Depois de conhecer os seis primeiros livros de meu poeta preferido, Drummond, iniciei a leitura do sétimo livro dele: Claro Enigma (1951).


"Que lembrança darei ao país que me deu

tudo que lembro e sei, tudo quanto senti?"


Essa pergunta inicial me pegou logo de cara. E o eu-lírico já tascou sua resposta ao final: a pedra, a sua pedra no caminho...


"De tudo quanto foi meu passo caprichoso

na vida, restará, pois o resto se esfuma,

uma pedra que havia em meio do caminho."



A pedra no caminho...

O país que me deu tudo que lembro e sei...


Ainda existe o país que me deu tudo que lembro e sei?

Não sei, penso que não.

Tudo, me parece, esfumou-se.



"E mereço esperar mais do que os outros, eu?"

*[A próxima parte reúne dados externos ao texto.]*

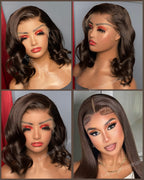 Kelcesuniquehair Chocolate Brown Human Hair Wig - Kelces Unique Hair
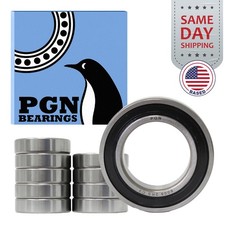 10 6008-2RS Premium Rubber Seal Ball Bearing C3 EMQ, 40x68x15, 6008 2RS 6008rs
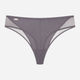 Majtki tanga damskie siateczkowe Esotiq Blissy 42888-90X M Szare (5903972557020) - obraz 5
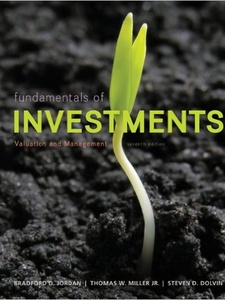 Free Solutions For Fundamentals Of Investments | Quizlet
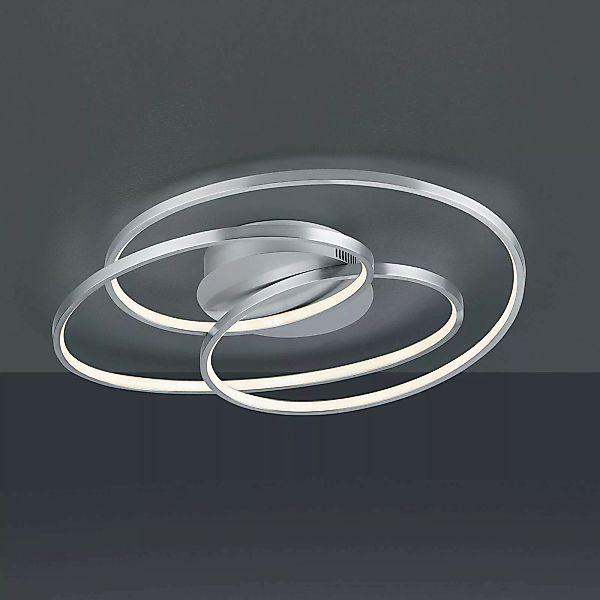 Trio LED Deckenleuchte Gale Nickel matt 135 mm x 600 mm x 430 mm günstig online kaufen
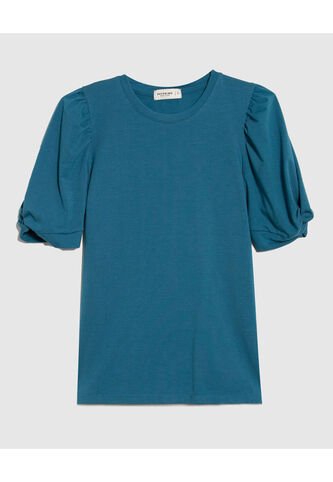 Camiseta Para Mujer Manga Corta Color Azul  Marca Patprimo #30093657 Patprimo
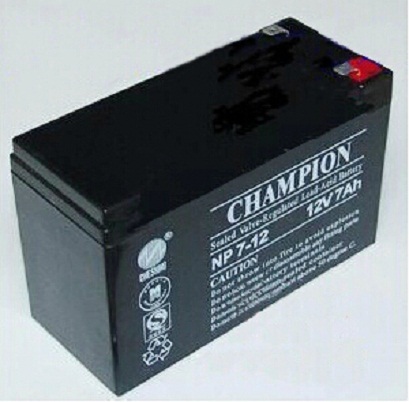 CHAMPION蓄电池NP7-12 12V7AH 电源蓄电池 照明 门禁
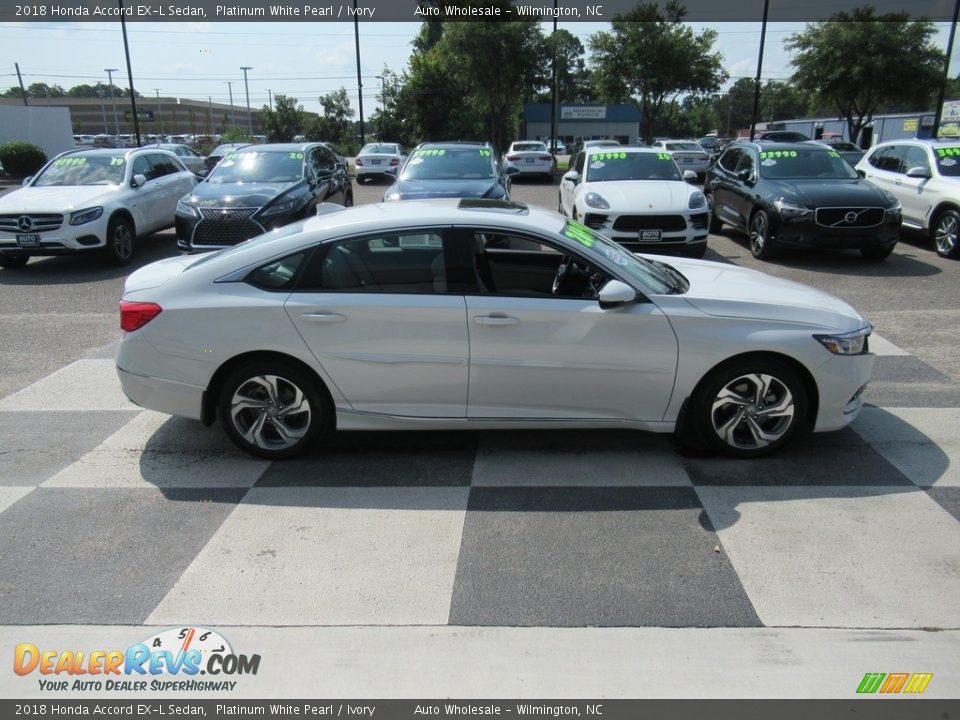 2018 Honda Accord EX-L Sedan Platinum White Pearl / Ivory Photo #3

Não, não mereço esperar mais do que ninguém. Num país onde "o resto se esfuma" eu diria ser um privilegiado. Rolei minhas pedras do caminho. 


Meu legado?

Eu quis deixar algum legado... esfumou-se.

Talvez as palavras... talvez as palavras. Meus milhares de textos nos blogs. Talvez o meu legado.

William


ANDRADE, Carlos Drummond. Nova reunião: 23 livros de poesia - volume 1. 3ª edição - Rio de Janeiro: BestBolso, 2010.